Retail news from around the globe
PVH cuts forecast on tariff fears
PVH Corp has cut its annual profit forecast by US10¢ a share as it grapples with tariffs, slowing retail growth and a strong US dollar.
Following the announcement last week, shares immediately fell by almost 12 per cent, despite first-quarter revenue having risen 1.8 per cent to US$2.36 billion ($3.41 billion).
PVH, formerly formerly known as the Phillips-Van Heusen Corporation, is a US clothing company that owns brands such as Van Heusen, Tommy Hilfiger, Calvin Klein, IZOD, Arrow, Warner’s, Olga, True & Co and Geoffrey Beene.
Earlier this month, US President Donald Trump escalated the trade war by raising tariffs on US$200 billion worth of Chinese goods to 25 per cent from 10 per cent. This was in addition to the 25 per cent tariff on US$50 billion worth of Chinese imports already in place.
PVH sources a majority of its apparel, footwear and accessories from China.

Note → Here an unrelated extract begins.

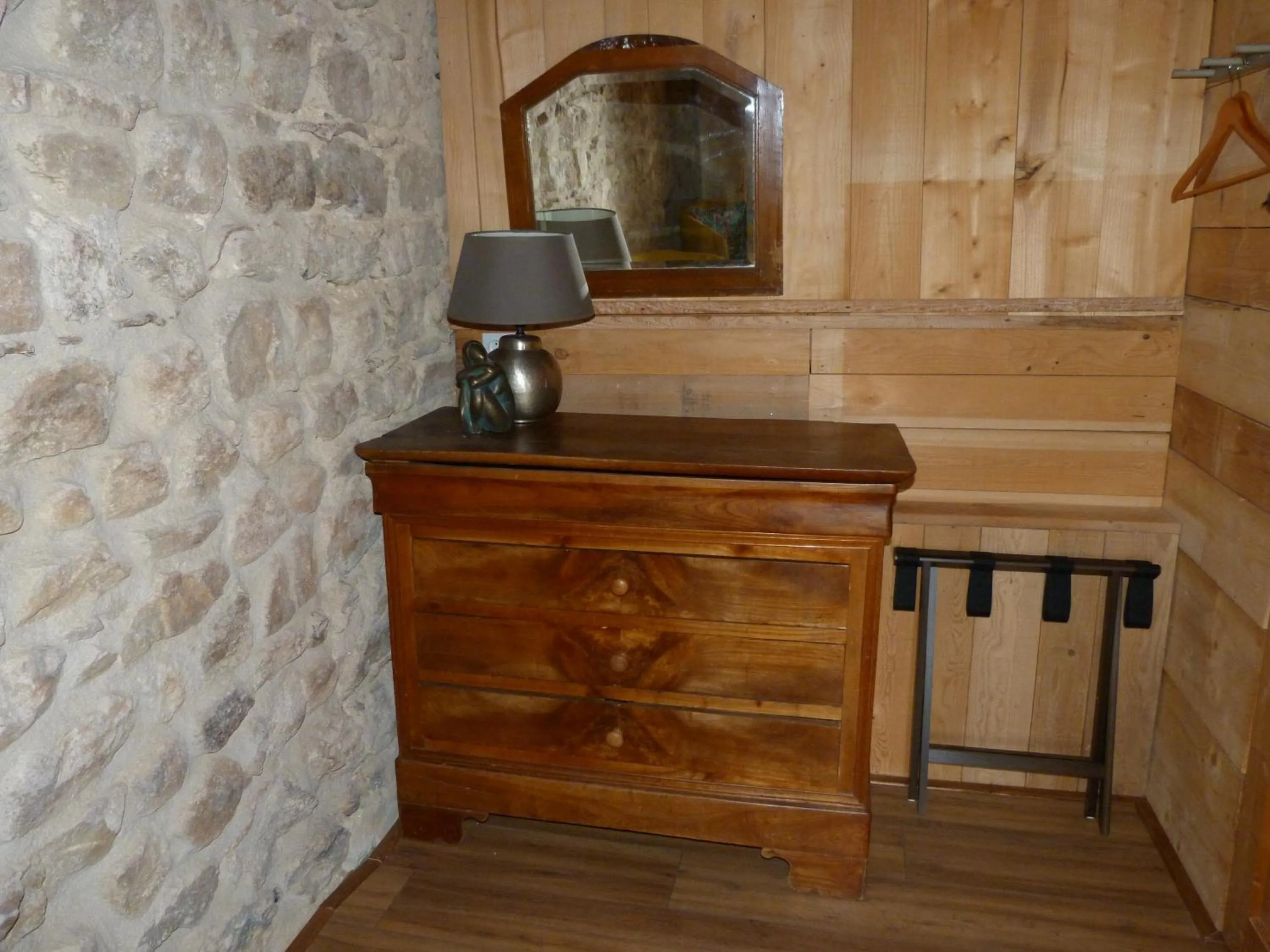 Bedroom in Chambres d'Hôtes La Fougeraie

In 2018, the company imported about US$400 million of inventory from the country.
Surf’s out for Abercrombie
Abercrombie & Fitch has forecast second-quarter sales below estimates, amid slowing demand for Hollister, the surf-themed brand that has fueled company growth over the last two years.
The company also said it would close three flagship stores, including a Hollister store in SoHo, New York City, incurring about US$45 million of lease-related charges in the second quarter.
Chief executive officer Fran Horowitz said fashion missteps at Hollister in Asia and the company’s failure to take full advantage of major promotional events on platforms such as China’s Tmall had hurt international sales, which fell 6 per cent.
Tariffs on Chinese goods are also an issue for Abercrombie. Last financial year, about 25 per cent of its globally sourced merchandise was imported from China, but Horowitz said the company was working to bring that down to 20 per cent this year.
Bed Bath & Beyond strikes deal
Struggling US home goods retailer Bed Bath & Beyond says it has reached an agreement with a group of activist investors that has been pushing for sweeping changes to its board and management.
The investor group had been piling on pressure since March, when it started demanding a new CEO and presented its own line-up of 10 directors.
But earlier this month, long-time chief executive officer Steven Temares stepped down and last week several other changes were made to the board, including four new independent directors, causing the investor group to withdraw its own slate.
Pepkor revenue disappoints
South African retailer Pepkor Holdings, formerly Steinhoff Africa Retail, has reported a smaller-than-expected 7 per cent rise in first-half revenue, as cash-strapped shoppers and the shift of Easter to April this year hit demand for clothing and general merchandise.
Retailers are struggling in South Africa as an increase in value-added tax, unemployment, and higher fuel and utility prices have reduced consumers’ appetite for spending.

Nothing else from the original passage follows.